Der Integrationsexperte Romano Müller von der Pädagogischen Hochschule Bern will bei den Studierenden ein Problem-Bewusstsein schaffen. “Wir können keine Lösungen auf Vorrat produzieren, denn es gibt kein Rezept zur Lösung solcher Probleme.”

Für Müller können “Misserfolg und Enttäuschung ein Nährboden sein für Aggressionen”. Schulisch schwachen Kindern müsse deshalb mit Hausaufgabenhilfen und speziellen Förderprogrammen ein positives Lernergebnis bereitet werden.

Positive Beispiele

In jeder Gesellschaft äussert sich ein Teil der Jugend irgendwann mal mit Gewalt, so Müller. “Enthemmungen hat es in jeder Jugendkultur gegeben.”

Auch die Politik zeige, “dass aggressives Verhalten erfolgreicher ist als Konsensverhalten”. Bevor überhaupt ein Dialog entstehen könne, sei die Sache schon mit Meinungen besetzt. “Es ist so wie es ist, es wird gar nicht mehr darüber diskutiert.”

Strikter durchgreifen

Der Ruf nach mehr Disziplin in den Schulstuben ist in letzter Zeit immer lauter geworden. Doris Hochheimer mahnt da zur Vorsicht: “Natürlich müssen klare Grenzen gesetzt werden. Es darf aber nicht sein, dass der Lehrer vorne befiehlt und die Kinder gehorchen.”

“Wir wollen mündige Bürger, die selber denken können. Menschen, die blind gehorsam hinterhermarschieren, können das nicht.”

Es brauche integrierte Kinder, “die einsehen, dass sie sich an gewisse Regeln halten müssen. Sonst funktioniert unsere Gesellschaft nicht und wir können nicht miteinander leben.”

Nichts geht ohne Zusammenarbeit

Die Lehrervertreterin Doris Hochheimer glaubt, viele Eltern nähmen ihre Erziehungsaufgaben nicht richtig wahr. Oft hoffe man, die Schule werde es schon richten. Das beginne bereits mit dem berüchtigten Ausspruch, mit dem Kindergärtner eingeschüchtert würden: “Warte nur, bis du in die Schule kommst!”

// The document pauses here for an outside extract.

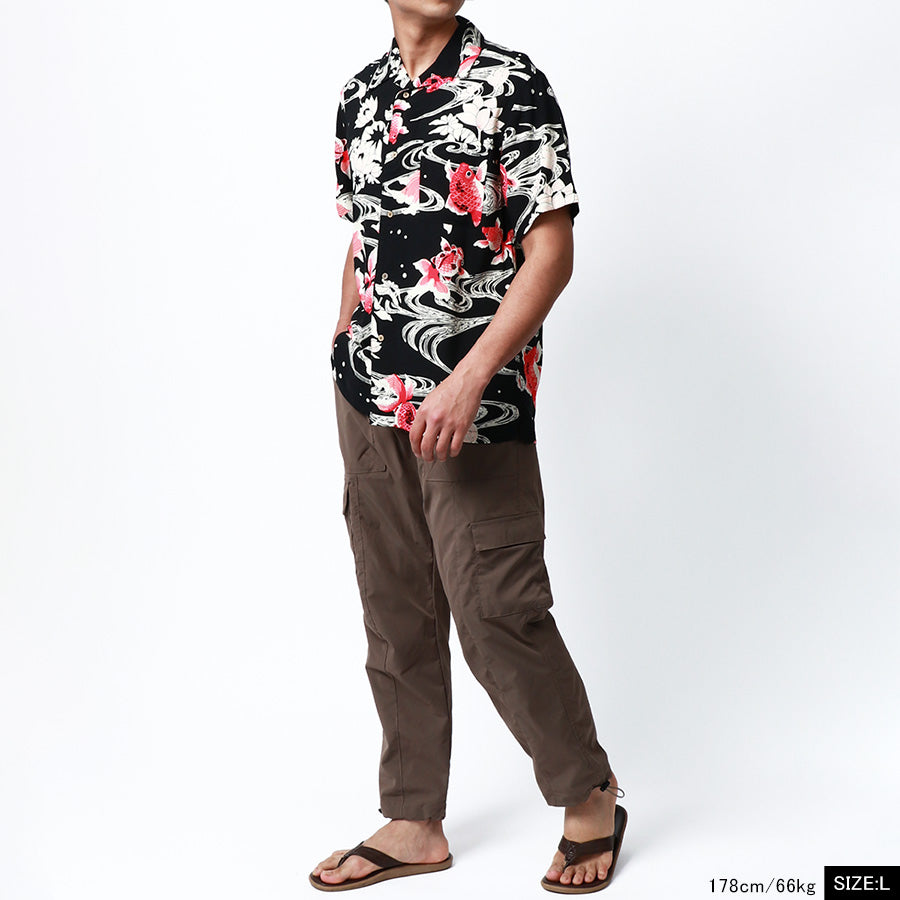 marukawa マルカワ アロハシャツ メンズ 半袖 レーヨン 夏服 夏用 涼しい 総柄 シャツ 柄シャツ かりゆしウェア ハワイアンシャツ 花柄 魚 派手 ALOHA ハワイ(2152820088)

Auch Romano Müller ist überzeugt, dass solche Aufgaben in den Lehrerkollegien gelöst werden müssten, in Zusammenarbeit mit Fachleuten wie zum Beispiel Sozialarbeitern. “In den meisten Kantonen existieren Erziehungsberatungen, die Kontakt haben zu schulexternen Beratern, die falls nötig zugezogen werden können.”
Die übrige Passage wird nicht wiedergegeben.